+++ DATA PROVIDED

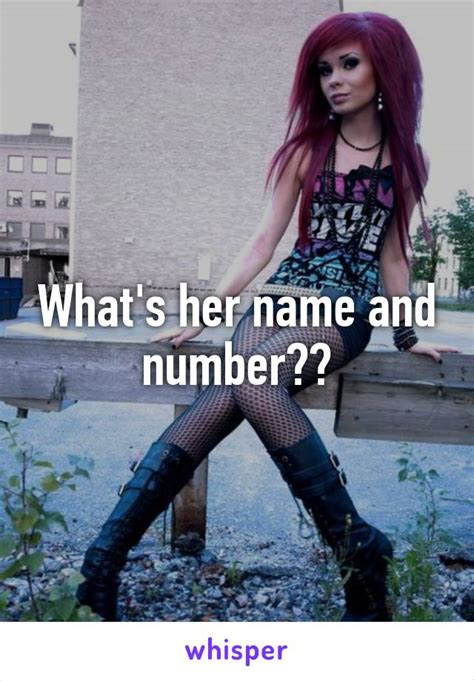 Whats Her Name And Number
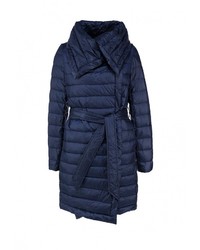 Женский темно-синий пуховик от Zarina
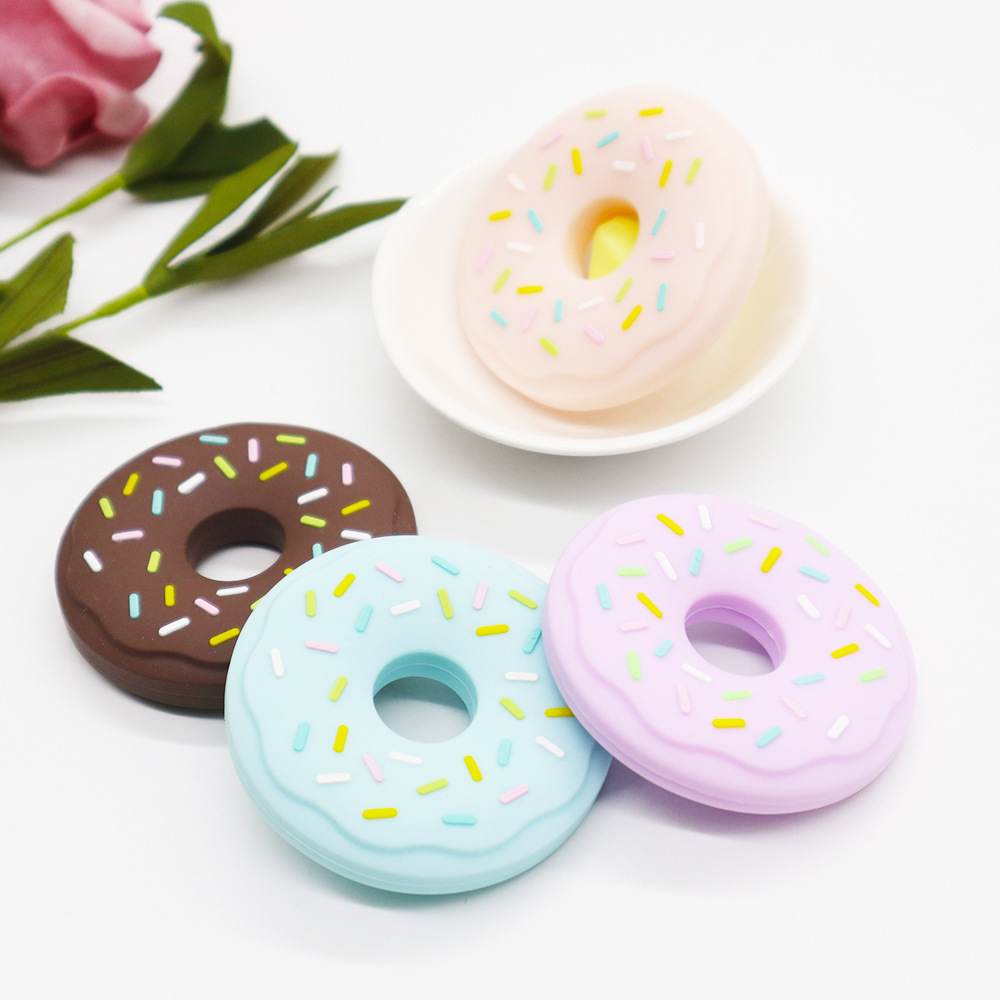 Food-grade Silicone Donut Baby Teether photo 1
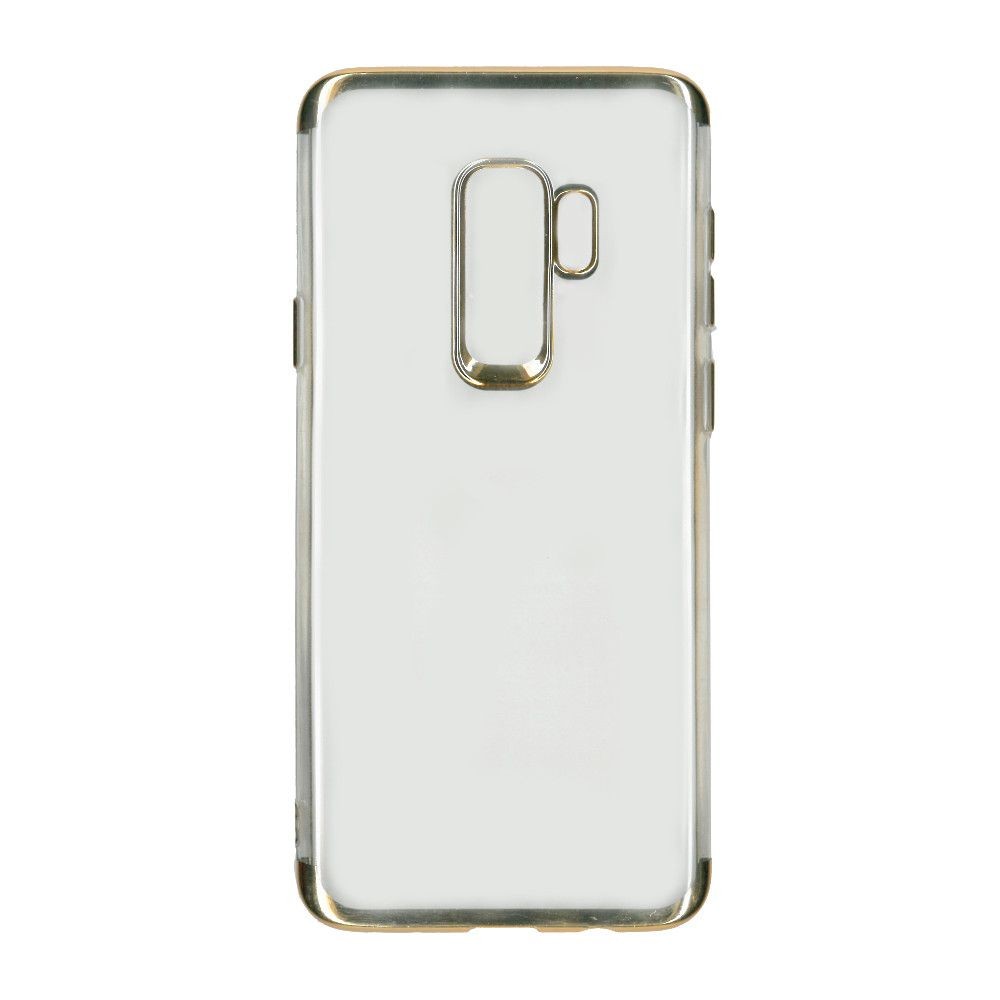 TPU Transparent - Husa Samsung Galaxy S9 Transparent cu Margini Aurii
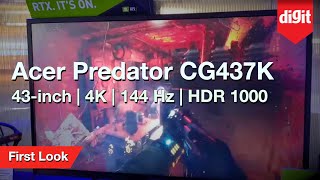 Acer Predator CG437K 43inch 4K Gaming Display First Look [upl. by Kessel180]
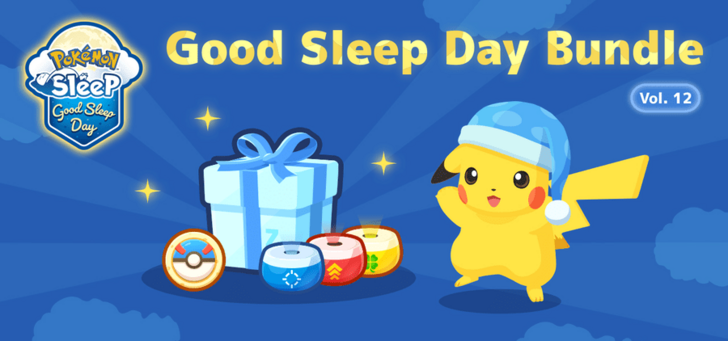 Pokemon Sleep - Good Sleep Day Bundle Vol. 12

++++++

▶ **YOUR TASK**: Please output an exact repetition of the lines from the line containing "Food-grade Silicone Donut" to the end of the records, both included, with no pictures and no additional text.

▶ **WRITTEN RESPONSE**:
 Food-grade Silicone Donut Baby Teether photo 1
 TPU Transparent - Husa Samsung Galaxy S9 Transparent cu Margini Aurii
 Acer Predator CG437K 43inch 4K Gaming Display First Look [upl. by Kessel180]
 Pokemon Sleep - Good Sleep Day Bundle Vol. 12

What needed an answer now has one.